The grass isn't always greener on the other side, as digital marketing firm Digitalbox - which boasts Visa, O2, Mini and P&O among its clients - discovered when it dropped an Experian QAS email address validation solution to that of a rival provider to cut costs.
Instead, switching solutions led to an increase in inaccurate data about email addresses and other contact details – a hugely negative impact for an organisation that relies on good data management to conduct its business effectively.
"As soon as we have inaccurate data in our systems, it can sit there for a number of months," Digitalbox CEO Alex Attinger told Computing.
Explaining how poor information management is bad for business, he said: "If you're then re-communicating it to consumers, not only is it bad for the consumer who might have mistyped their email address, that consumer isn't going to receive any more information."
Poor quality data doesn't only prevent emails being delivered to those who've provided inaccurate information, but if enough emails bounce, then a firm that relies on digital marketing can find that ISPs mark them down, making it more difficult to send information.
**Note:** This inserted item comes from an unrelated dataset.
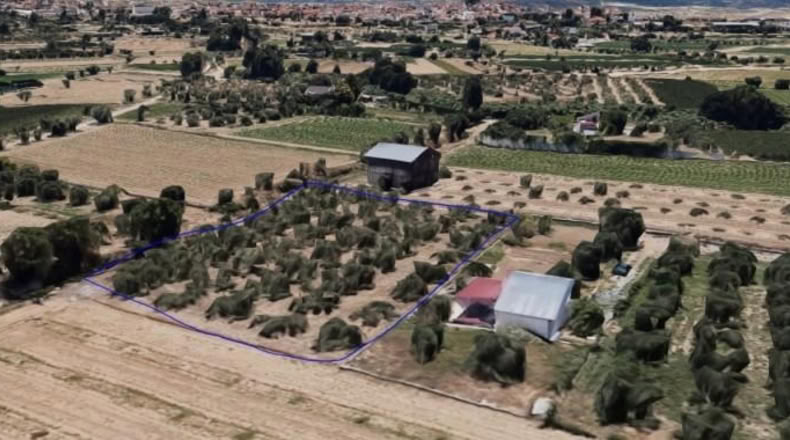 Astúries - Los Llanos - 2061m2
"If the information is incorrect and we're consistently wrongly emailing that consumer, then that gives a bad score with email providers and affects our ability to deliver our good email addresses," Attinger said, adding the cost of poor data management can have a considerable impact.
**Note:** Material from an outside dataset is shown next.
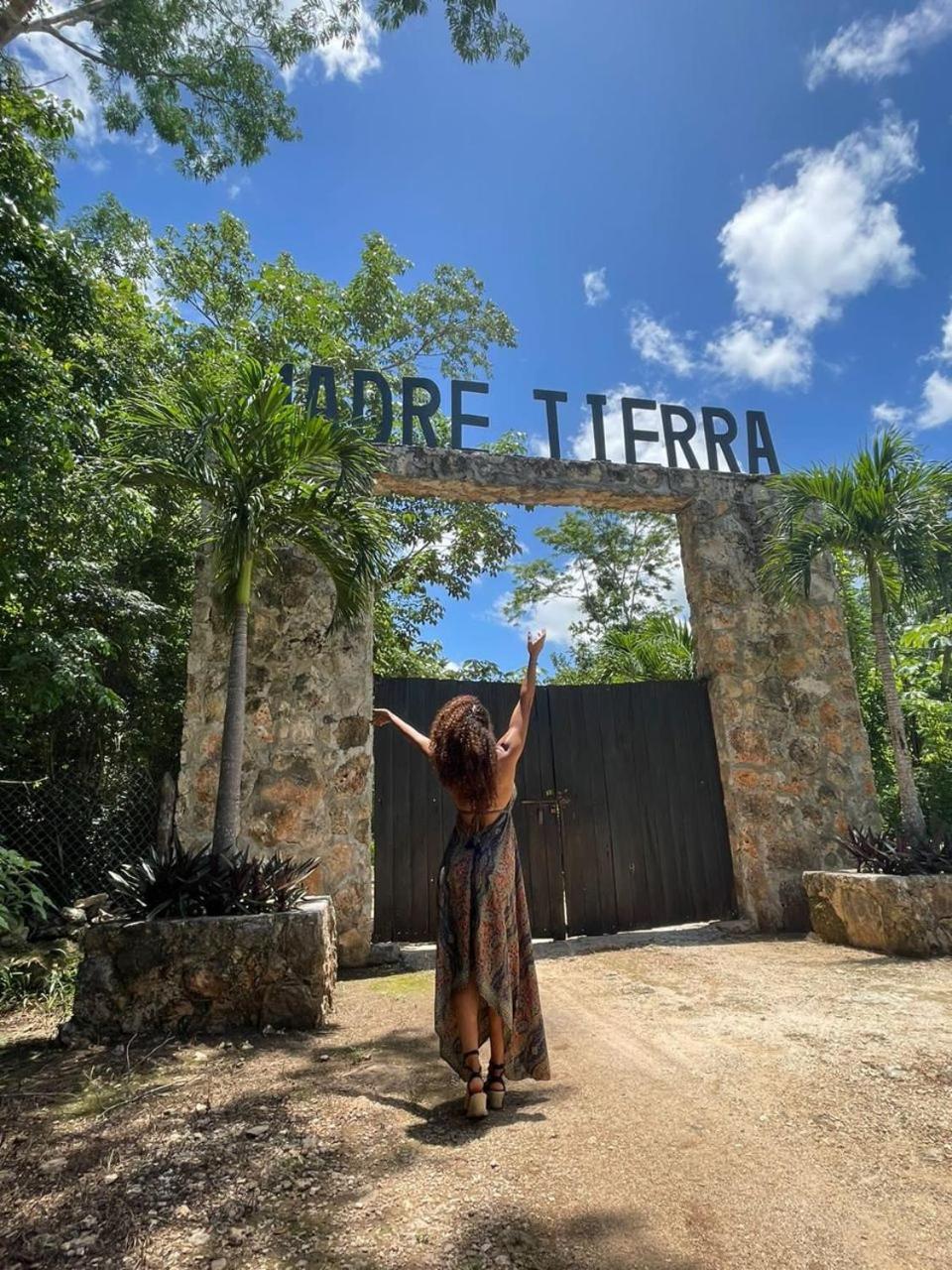 Madre Tierra Eco Habitat view 2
"It's amazing how it can affect you, especially if you have a high percentage of bad addresses in your system it can really destroy delivery to ISP and cost our business significant amounts of money."
Digitalbox had experienced this type of issue in the past, before adopting Experian QAS, Attinger told Computing.
"We've been through a process like that before we were with Experian when we were validating our data with another company and we found a huge percentage of errors, but it took us months to realise what was going on.
"It was then we realised our validations at the point of capture wasn't working, causing a massive knock-on effect throughout our business," he said.